Recherche

Autres articles dans cette rubrique

Collection « Poiesis »

Daniel Vander Gucht
Aquarelles de Damien Delepeleire
176 pages, 18 illustrations couleur, 16 x 22 cm,
ISBN 978-2-87317-529-0
25 €, 2019
Commande : https://www.exhibitionsinternational.be/documents/catalog/9782873175290.xml

« Je décide de devenir chansonnier à l’instar de Marcel Broodthaers ruminant : “Moi aussi je me suis demandé si je ne pouvais pas vendre quelque chose et réussir dans la vie. [...] L’idée enfin d’inventer quelque chose d’insincère me traversa l’esprit. et je me mis aussitôt au travail.” » À force d’écouter « radio comercial » sur l’autoradio de ma voiture de location au Portugal, je me mets au défi de composer une ode à Lisbonne dans le plus pur style bal de la sardine en espérant faire un carton, comme la valise de Linda de Suza bien sûr.

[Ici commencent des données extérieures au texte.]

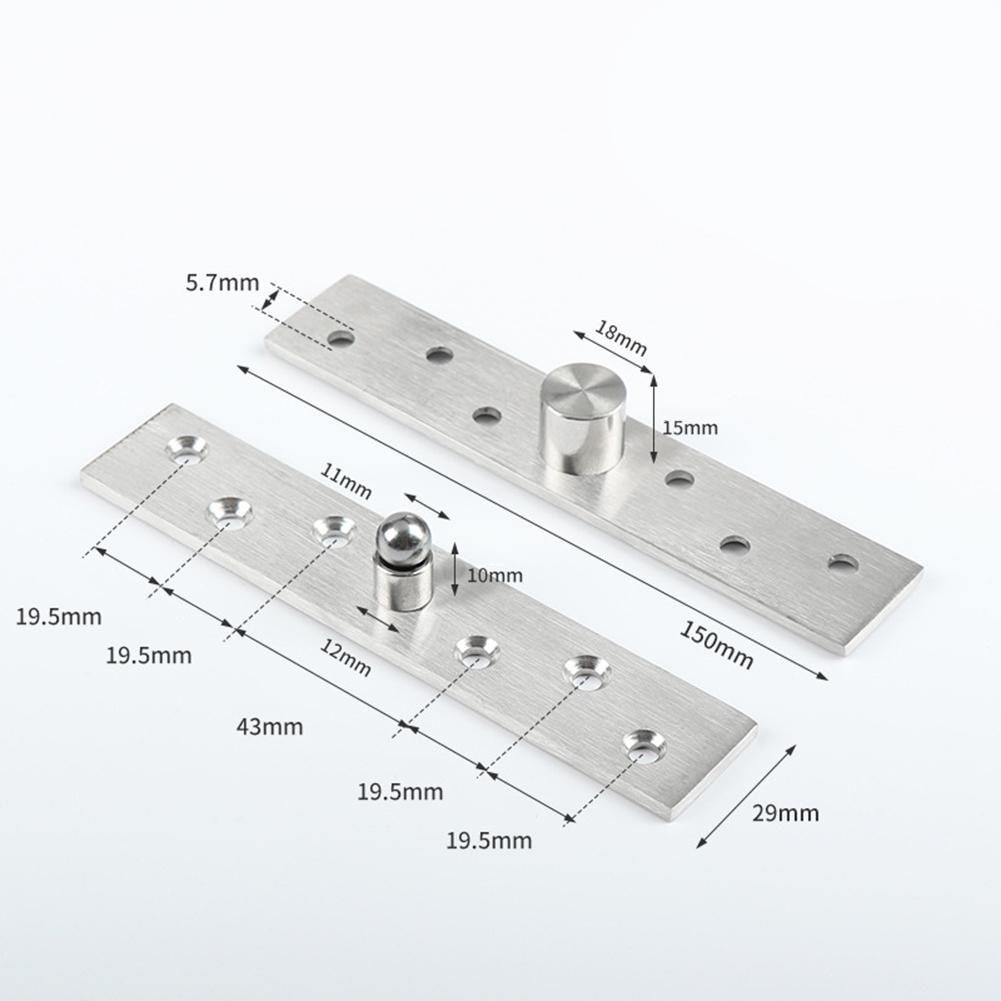 Stainless Steel Rotating Shaft Hinge Upper And Lower Hinge Heavy Duty Positioning Shaft Hinge Wooden Door Hinge Hardware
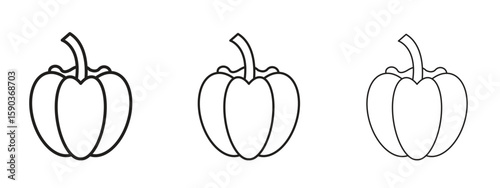 Capsicum icon for Graphic Design Projects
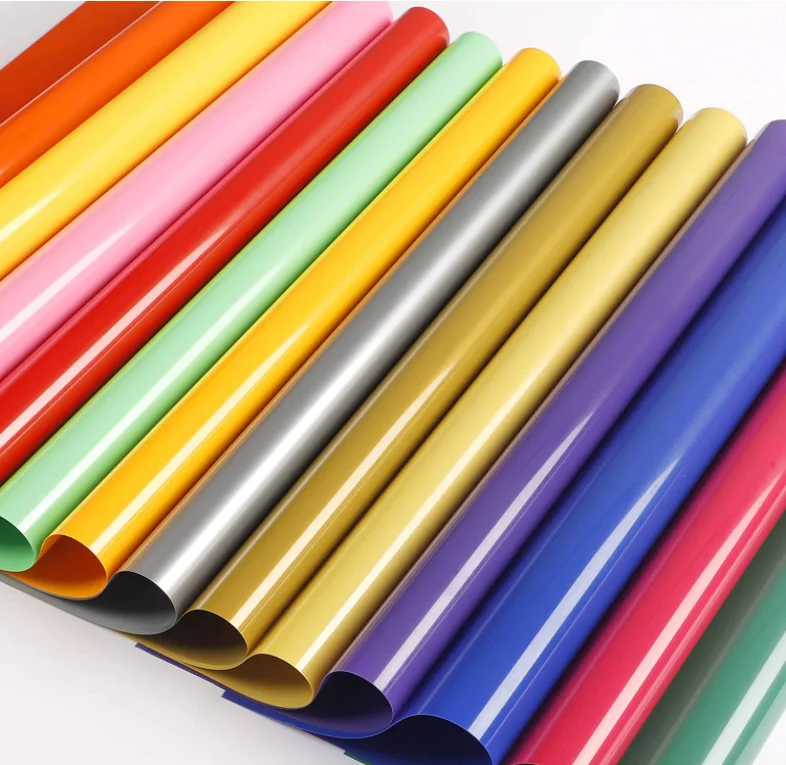 Free sample wholesale Factory price T-shirt flower 3D pattern heat transfer vinyl plaid htv vinilo iron on thermal film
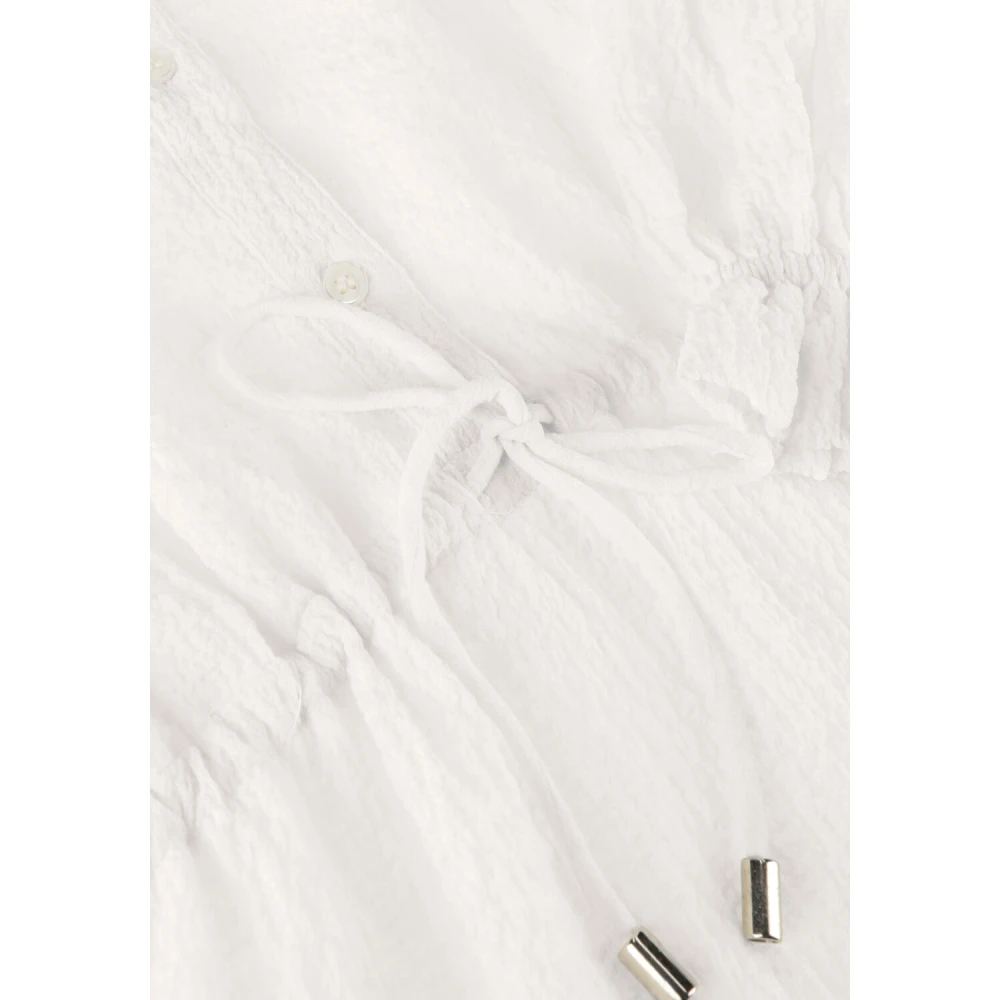 Alix The Label Geweven Gestructureerde Chiffon Jurk Beige Dames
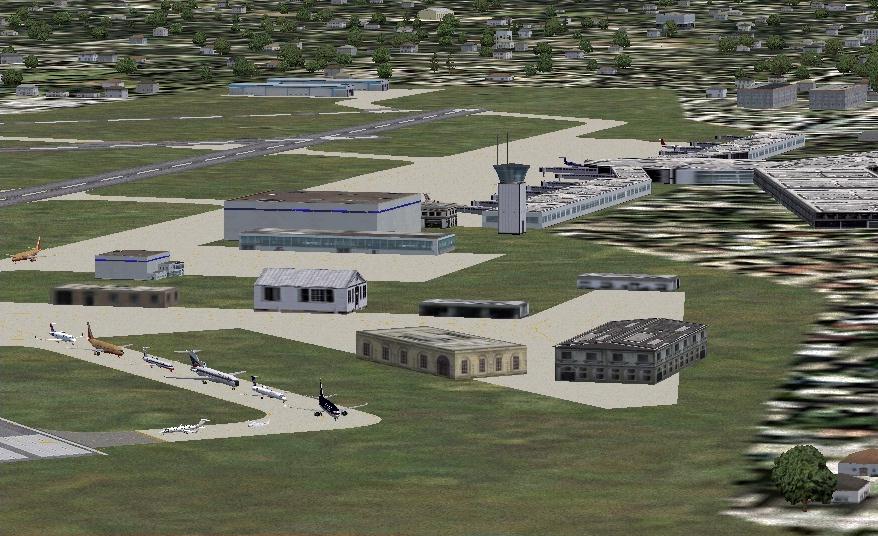 Fs2004 Scenery- Long Island Macarthur Airport (Kisp) Is Located On Long Island Ny Making I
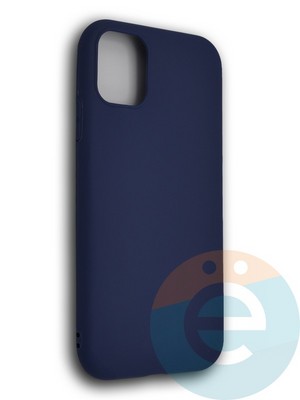 Накладка силиконовая Soft Touch ультратонкая для Apple iPhone 11 Pro Max синяя - фото 39459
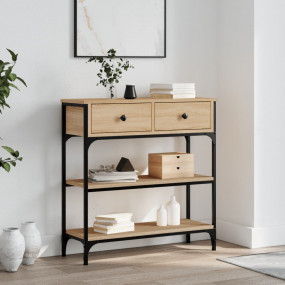 Console Table Sonoma Oak Engineered wood, metal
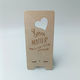 Wooden Desk Stand for Mobile "you Matter" Toxylo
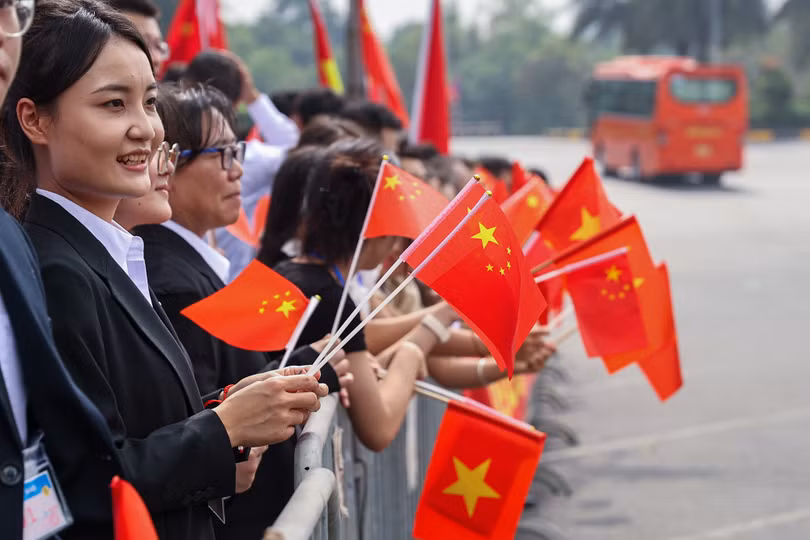 Thủ tướng Phạm Minh Chính đón Tổng Bí thư, Chủ tịch nước Trung Quốc Tập Cận Bình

Le titre initial, « Lisbonne ma bonne », hommage au « Bruxelles ma belle » de Dick Annegarn hybridé avec le « London Calling » des Clash, est devenu « Lisbonne m’appelle » afin de ne froisser personne (et surtout pas ma bonne — ce qui n’est pas très punk, je vous l’accorde). Près d’un an plus tard, je continue à composer des chansons navrantes en ne renonçant à aucun mauvais jeu de mots (il me faut bien une éthique) et je dévore tout ce qui me tombe sous la main comme biographies, anthologies, manuels et interviews de tous ces paroliers qui ont écrit la légende de la chanson française, plus souvent dans l’ombre que dans la lumière. Sans remonter à Clément Marot, Boulanger ou Aristide Bruant, je me trouve une nouvelle famille de chansonniers... »

Daniel Vander Gucht (1958) est professeur de sociologie à l’université libre de Bruxelles. Il a publié plusieurs essais sur l’art, la culture et la société contemporaine parmi lesquels La Jalousie débarbouillée. Éloge de l’incertitude amoureuse (Bruxelles, Labor, 2005 ; réédition Bruxelles, La Lettre volée, 2014) ; Ecce homo touristicus. Identité, culture et patrimoine à l’ère de la muséalisation du monde (Bruxelles, Labor, 2006) ; L’An passé à Jérusalem. Journal yérosolymitain (2004-2005) (Bruxelles, La Lettre volée, 2008) ; L’Expérience politique de l’art. Retour sur l’engagement artistique (Bruxelles, Les impressions nouvelles, 2014) ainsi que Ce que regarder veut dire. Pour une sociologie visuelle (Bruxelles, Les impressions nouvelles, 2016).

Damien Delepeleire (1965), Lauréat du Prix de la Jeune Peinture belge à 21 ans, expose depuis régulièrement en Belgique comme à l’étranger.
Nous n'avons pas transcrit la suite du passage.